In the past decade, the Islamic Republic has consistently sought to expand its influence in Africa. Former Iranian president Mahmoud Ahmadinejad made significant efforts to expand Tehran’s relations with African nations to offset Iran’s increasing isolation by the West. While the Rouhani administration’s priority has been to improve Iran’s relations with the West, it has not forgotten Africa and sees it as an important region for Iran’s soft power and hard power strategies.
By building closer ties with African countries, Tehran hopes to gain their support in the United Nations and other international and regional platforms.
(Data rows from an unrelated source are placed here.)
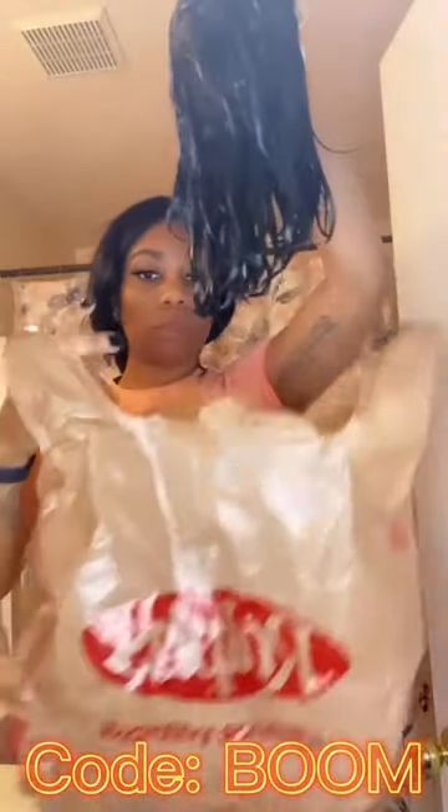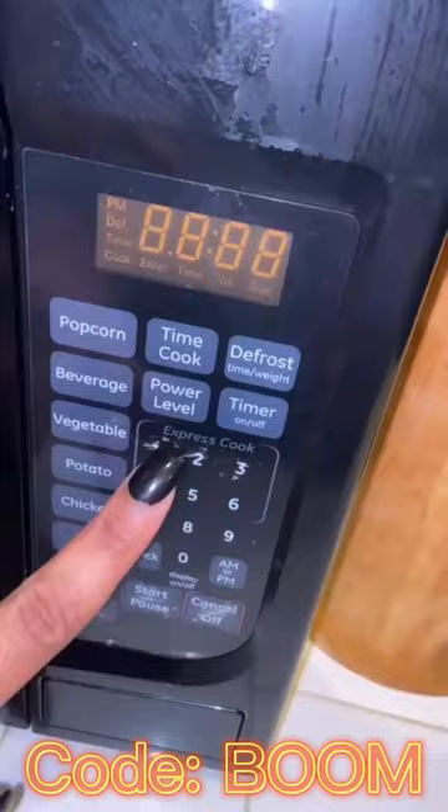Anyways, get your plastic bag — any plastic bag — get your wig, put the wig in the bag, tie it up, make sure it's tight and no air seeping out. You're gonna put it in the microwave only for one minute, because you do not want to over-process your wig. And you see how it's spinning like a rotisserie chicken? And boom, it's done.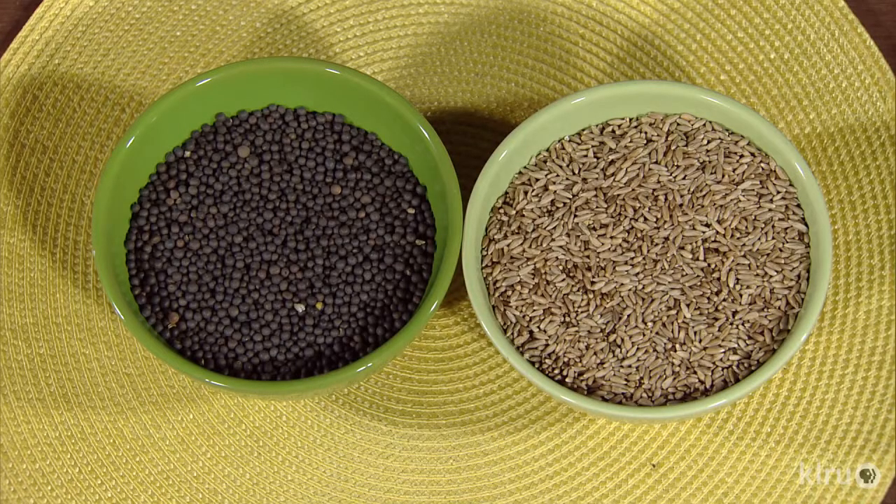Birds may eat a lot of these cover crop seeds, so you may want to use row cover to protect them and get them germinated before you uncover.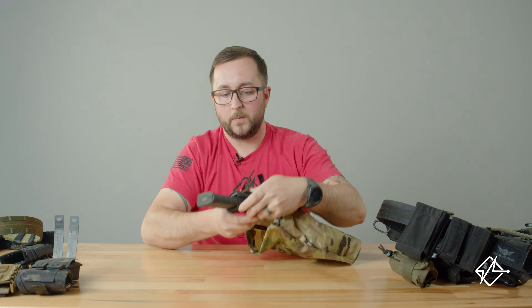I'm going to grab my belt here. This is a Blue Alpha double belt rig. It has MOLLE on the outside and also Velcro hook on the inside. Make sure the loop side of the one wrap is facing the hook on the inside so it gives it more surface area to grab onto.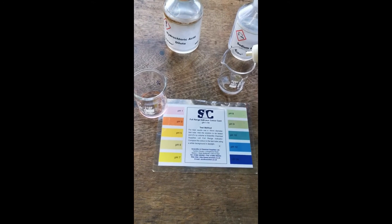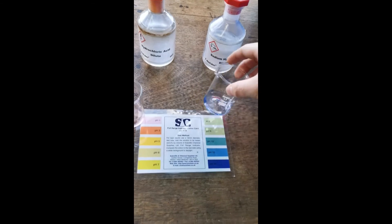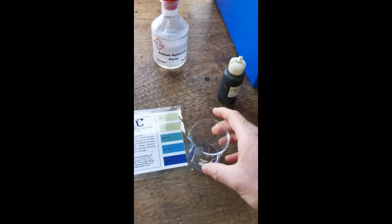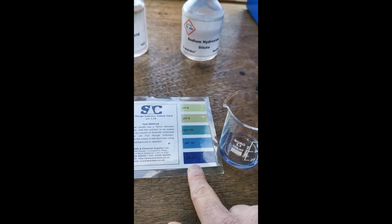Next I'm going to add it to the sodium hydroxide, and you can see that the colour turns very blue. We can tell that it has a pH of 14.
Just before leaving Tehran, Zarif highlighted that “the South African government has consistently supported the Iranian people’s rights in the nuclear issue over years.” In addition, Tehran may hope that expanding ties with African countries would serve its naval expansion in the future. And as Washington is reinstating sanctions on Iran, Tehran is trying to bolster its financial and economic relations with other countries to fight off potential isolation.